Kommunisten: O tempo que resta



O cinema de Straub e Huillet é um cinema de conversão; do verbo mediado dos escritores que “presentificam” ao verbo apofântico das origens, que nos dá a ver as coisas enquanto coisas: ventos, colinas, gestos, zumbido dos ventos e das abelhas participam desta festa do Verbo inaugural. Kommunisten acrescenta a esta experiência de manifestação in loco a experiência da montagem, que na história do cinema correspondeu a um outro Logos e  Nomos; aqui, as duas vertentes reúnem forças para a batalha de afirmação de uma soberania política e ontológica que teve como heróis não apenas o comunista do título ( inspirado em novela de Malraux) como Empédocles, os operários egípcios de Trop tôt, trop tard; o Franco Fortini do Cani dei Sinai; a comunidade “por-vir” da cooperativa de Operai contadini; e a estátua de terracota telúrica que interpreta Huillet em Pecado negro, que ao final do filme subitamente adquire presença encarnada ( ou seja: ainda Verbo) e conclama a todos os outros: Neue Welt.

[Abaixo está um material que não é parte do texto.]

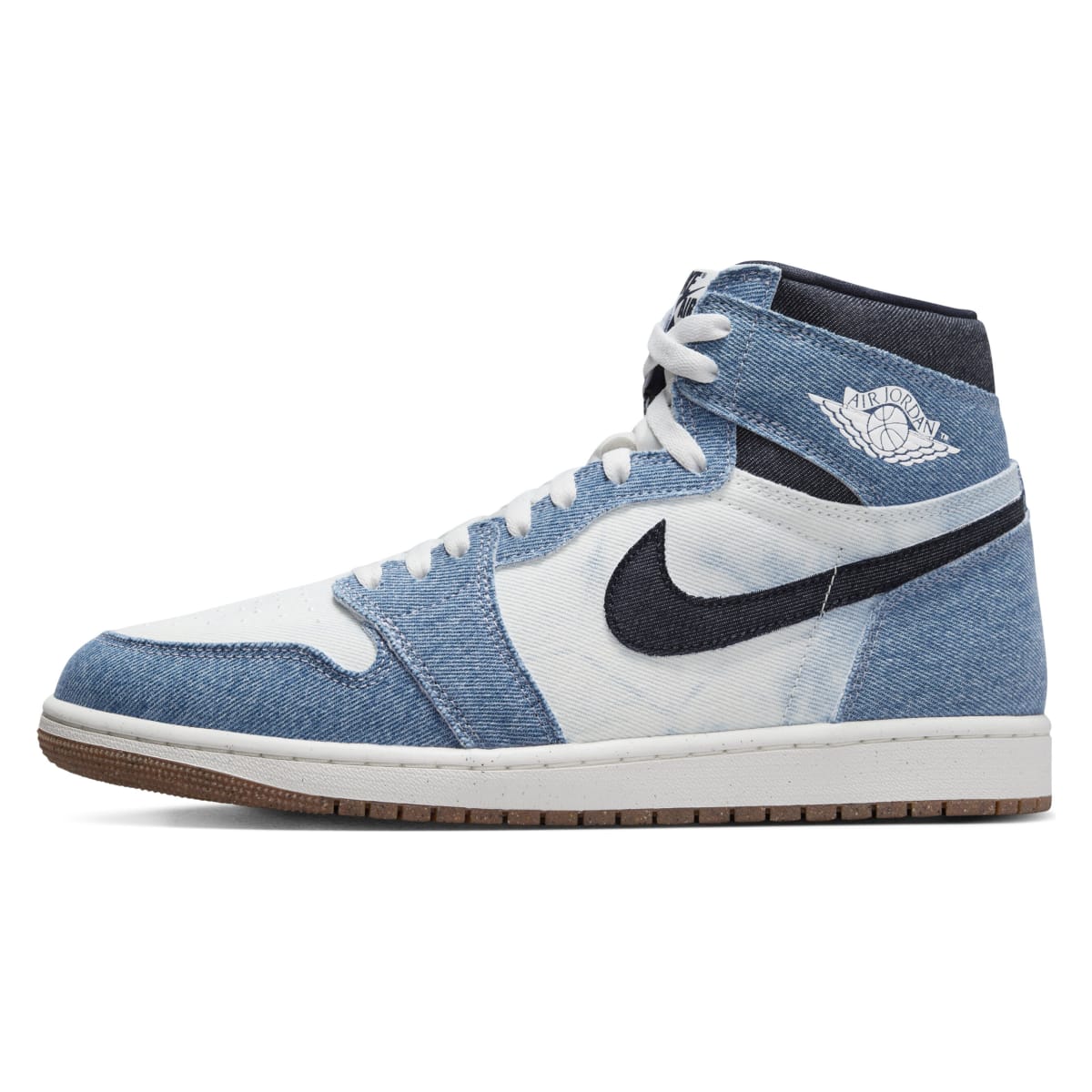 Air Jordan 1 Retro High OG "Denim"
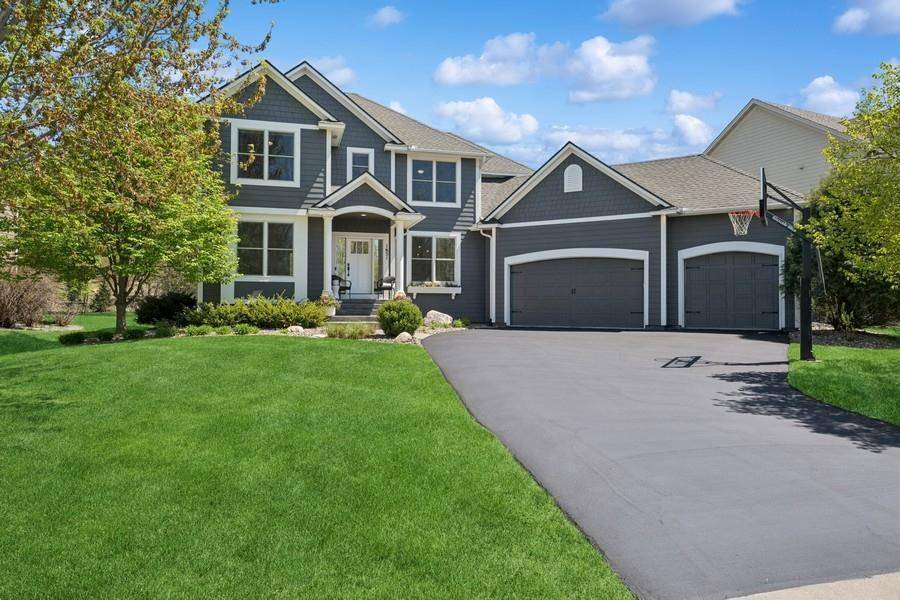 Woodbury, MN 55129,1651 Deephaven DR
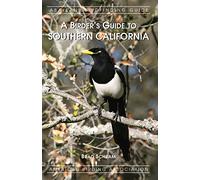 A Birder's Guide to Southern California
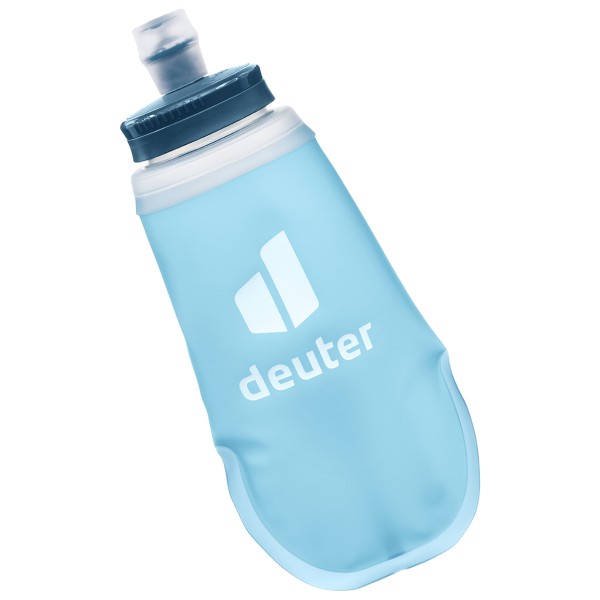 Deuter - Streamer Flask LP - Isolierflasche Gr 250 ml blau Deuter - Streamer Flask LP - Isolierflasche Gr 250 ml blau von Deuter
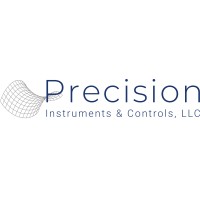 Precision Instruments & Controls, LLC Logo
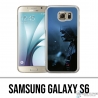 Funda Samsung Galaxy S6 - Star Wars Darth Vader Mist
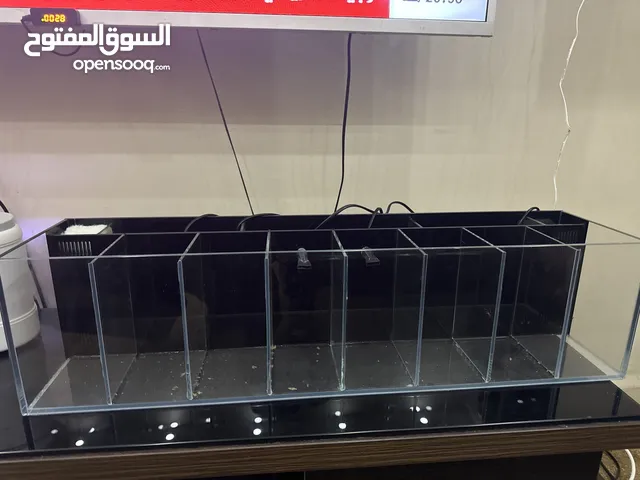 حوض سمك فايتر احترافي اجنبي
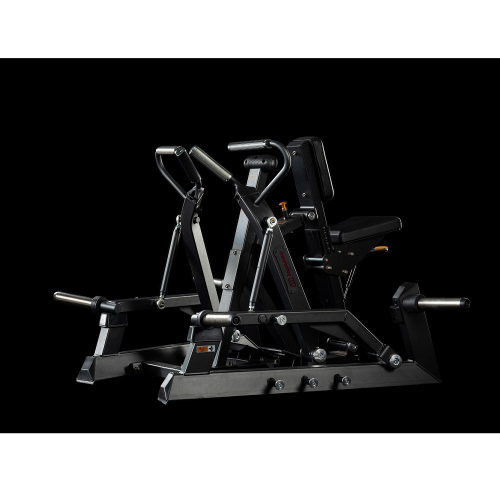 Ричажна тяга Impulse ECP302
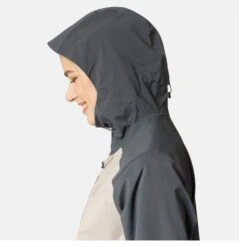 Odlo JACKET HARDSHELL ASCENT 3L WATERPROOF Damen - Hardshelljacke -Globetrotter 5638027774 h jacket hardshell ascent 3l waterproof odlo 24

A montagem é o lugar de um congraçamento, a cristalização de uma velha nova História, a clareira onde os heróis e os semideuses do Mito e da História ( História, Mito, estaremos sempre neste carrefour, de cá para lá) se reconhecem num venerável espelho: Jean-Pierre Vernant nos diz em seus estudos sobre o fantasma, o cadáver e o divino na Grécia antiga que havia na entrada de um templo de Diana um espelho baço, no qual um rosto de devoto se reconhecia vacilantemente; era o rosto do Deus, inacessível na profundidade de campo “castrada” da superfície impolida, que dava sentido a tudo. Um espelho de rigor anti-subjetivista, um Logos que celebra a negação enquanto tal ( todas as comemorações aqui encenadas carregam o estigma da repressão, do Oblivium histórico, do massacre), uma poética na qual a épica é “remontada” pela elegia e pervertida em seus propósitos metafísicos de fundação; o cinema de Straub e Huillet celebra e resiste, mas sem nunca abdicar deste sal ático do negativo, que empresta a esta orquestração cadenciada entre um Bildungsroman mítico e uma égloga historicista ( aqui, os signos, os códigos, os agentes  são invertidos e confundidos com rigoroso método de enxadrista) um sopro trágico de coups de dés divino: mas o que seria do divino sem a palavra do homem, como do homem sem os lances do Divino? O cinema de montagem aqui não se opõe ao “plano sequência e locação”; ele reconcilia, mas num outro plano, o plano do “plano túmulo” de que falava Daney; sem a Morte, o desastre, a perda de si-mesmo, nunca seremos nem diremos nada: o tempo da significação é o tempo que resta. Aquele, porém, que sobreviver às duras provas da História e do Mito receberá o dom de ser, de dizer e de reunir- e presente maior haverá?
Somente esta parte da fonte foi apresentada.